Con i suoi 88 anni, e diversi acciacchi sopportati serenamente, è la monaca più anziana del monastero, e una delle poche ospiti. Oltre a madre Okuba, eritrea, c’è un’altra anziana clarissa, suor Teresina, e altre tre eritree, arrivate per un ricambio generazionale nell’antico convento. Che era stato chiuso nel 2014 per mancanza di vocazioni, con le monache rimaste trasferite a Cagliari. Due anni dopo, madre Maria Arcangela è ritornata nella cella dove ha vissuto per tre decenni. «A Sassari ci sono dal 1979 e qui al convento venivo quando ancora giovanissima ho capito che sarei stata sposa di Gesù. Mi piaceva parlare con le monache alla ruota, mi sentivo a casa. Mia madre non era proprio convinta della mia scelta, mio padre addirittura non ne voleva sapere». Prima di prendere i voti Rita Deruda era un’attivista dell’Azione cattolica, protagonista anche allora di un impegno sociale e religioso.

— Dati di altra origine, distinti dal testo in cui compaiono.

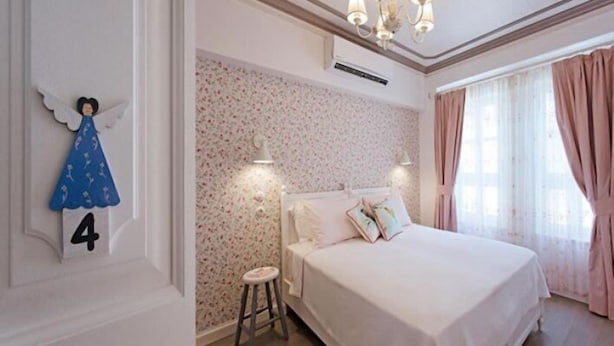 A bedroom with a large bed, a nightstand, a wall-mounted number '4', and a decorative angel figure. - Evreka Butik Otel (Bozcaada)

Ne ha da raccontare suor Maria Arcangela. «Sessanta anni fa c’era molta povertà, e non solo a Sassari. Ricordo che nel convento di Città di Castello la madre superiora recuperava i fondi di caffè per farne una bevanda. E che qui, avendo poi le clarisse sempre vissuto di carità, ci accontentavamo di mangiare frutta di scarto. Non ci siamo mai lamentate, però, perché la generosità da parte della città c’è sempre stata, e a noi non serve molto. Quanti benefattori ci sono stati vicini. Ma anche quanti poveri sono venuti a chiederci conforto e preghiere. Come avviene ancora adesso. Anche se io vedo il mondo molto cambiato, con una crisi di valori». Perciò ai giovani la religiosa dà un semplice consiglio: «Scegliete la strada giusta nel segno dell’amore, siate fedeli come lo è Cristo».

Le giornate di suor Maria Arcangela sono sempre state scandite dalle ore di preghiera e dal lavoro. La sua salute non le permette di essere impegnata come un tempo, quando era una ricamatrice di eccellenza e un suo centrino è volato addirittura negli Stati Uniti, come ringraziamento a un generoso donatore. «Però fino ad ottant’anni ho preso l’ago in mano, facevo gugliate più piccole», racconta. Legge Libertà e Avvenire, approfondisce temi storici, ed è ferratissima sulla storia del suo convento. E guardandola si capisce come si può essere felici.